In this way, the final configuration of the skin 1 per the invention is basically a series of hoops made up of zones 4 integrated into the skin 1.

Typically, as shown in FIGS. 3a to 3c, the crossings between the zones 4 of greater thickness of the skin 1 in the core of the aircraft structure is achieved by cutting the layers of reinforcement alternately in the zones 4 of greater thickness. This solution for the crossings of increased thickness is not unique, it being possible to define other solutions for the crossings in which the number of fabrics cut predominate more in one direction than the other, with it being possible to reach the extreme in which all the fabrics which make up the increased thickness in one direction are cut when they reach the crossing (FIGS. 5a, 5b and 5c).

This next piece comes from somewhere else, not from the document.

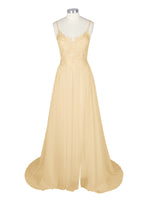Applique Slit Chiffon Wedding Dress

Another of the options for making the crossing of the fabrics mentioned above is shown in FIGS. 6a, 6b and 6c, in which it can be seen that all the fabrics which make up the increased thickness continue without being cut.

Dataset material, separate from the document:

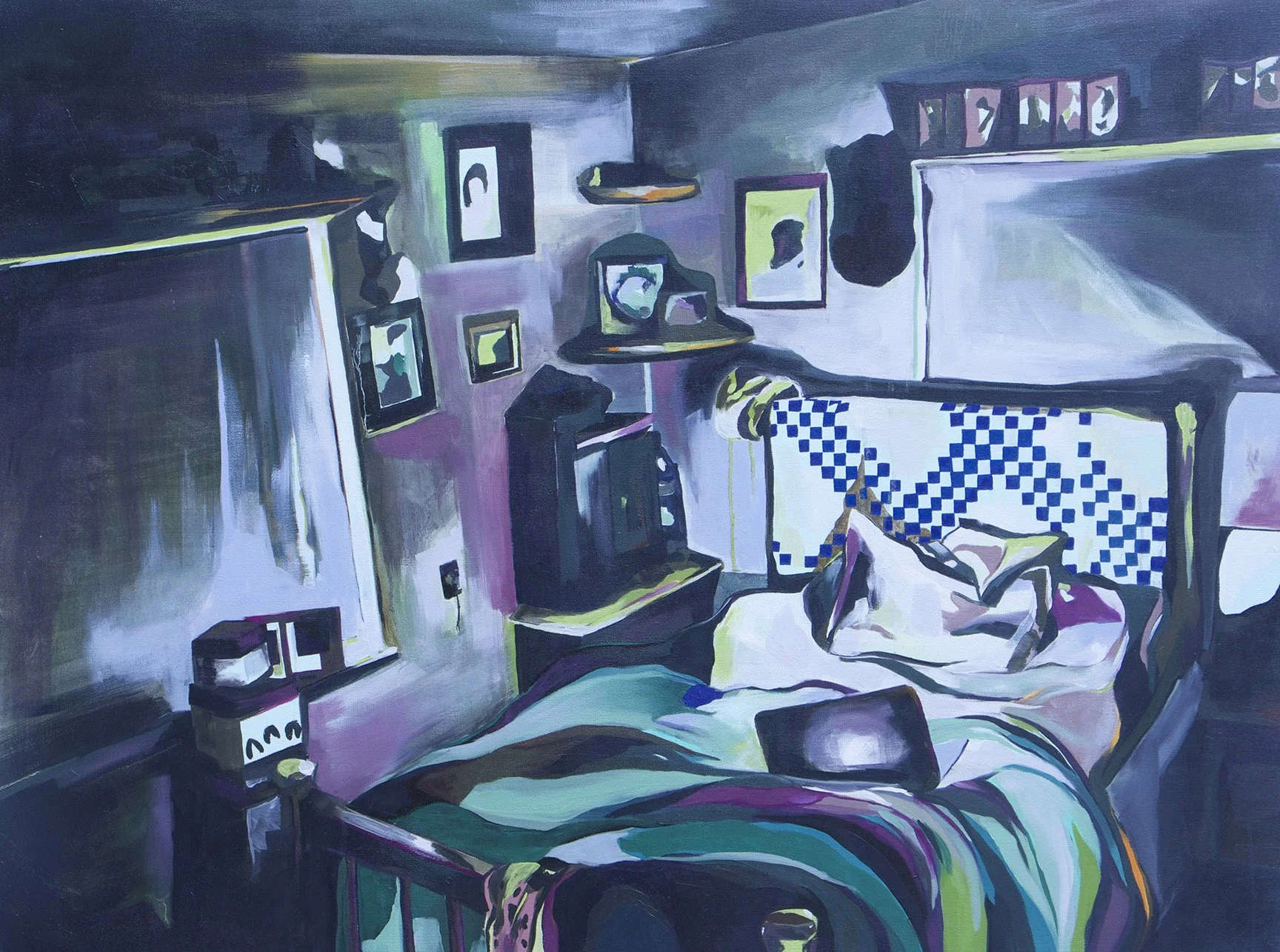 An abstract painting of a cozy bedroom, depicted with bold, expressive brushstrokes and vivid colors by contemporary multi-disciplinary artist Sarah Heyward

Those modifications comprised within the scope defined by the following claims may be introduced to the embodiments described above.

Claims

1. An internal structure for aircraft comprising a skin (1) of composite material, some stringers (2) of composite material integrated into the interior of the aforementioned skin (1) and some frames (3) of composite material, characterized in that the skin (1) comprises some zones (4) in which its thickness (20) is greater than the thickness (10) this skin (1) has in the rest of its section, with the stringers (2) integrated into these zones (4) of the skin (1), achieving with this arrangement the isolation of the interface line (5) of the stringer (2) joint with the skin (1) from the skin (1) with thickness (10);

2. An internal structure for aircraft according to claim 1, in which the zones (4) of the skin (1) of greater thickness are arranged in the zone of the skin (1) onto which the stringers (2) are located, with these zones (4) furthermore being arranged parallel to the direction of the aforementioned stringers (2);

3. An internal structure for aircraft according to claim 1, in which the zones (4) of the skin (1) of greater thickness are arranged in the zone of the skin (1) onto which the frames (3) are located, with these zones (4) furthermore being arranged parallel to the direction of the aforementioned frames (3);

4. An internal structure for aircraft according to any of the previous claims, in which the zones (4) of greater thickness are obtained by means of the integration of composite material of the same material as the skin (1), into the core of the skin (1) itself, obtaining an integrated laminate;

5. An internal structure for aircraft according to any of the claims 1-3, in which the zones (4) of greater thickness are obtained by means of the use of patches (30) of composite material of the same material as the skin (1), with these patches (30) being integrated into the skin (1) itself;

6. An internal structure for aircraft according to any of the previous claims, in which the crossing between the zones (4) of greater thickness of the skin (1) in the core of the aircraft structure is achieved by cutting the layers of reinforcement alternately in the zones (4) of greater thickness;

7. An internal structure for aircraft according to any of the claims 1-5, in which the zones (4) of greater thickness of the skin (1) predominate more in one direction than the other;

8. An internal structure for aircraft according to any of the previous claims, in which the stringers (2) are co-bonded or co-cured onto the interior of the skin (1);

9. An internal structure for aircraft according to any of the previous claims, in which the frames (3) are co-bonded or co-cured or riveted onto the interior of the skin (1);

10. An internal structure for aircraft according to any of the previous claims, in which the composite material of the skin (1), the stringers (2) and the frames (3) is carbon fibre with thermosetting or thermoplastic resin;

11. An internal structure for aircraft according to any of the claims 1-9, in which the composite material of the skin (1), the stringers (2) and the frames (3) is glass fibre with thermosetting or thermoplastic resin.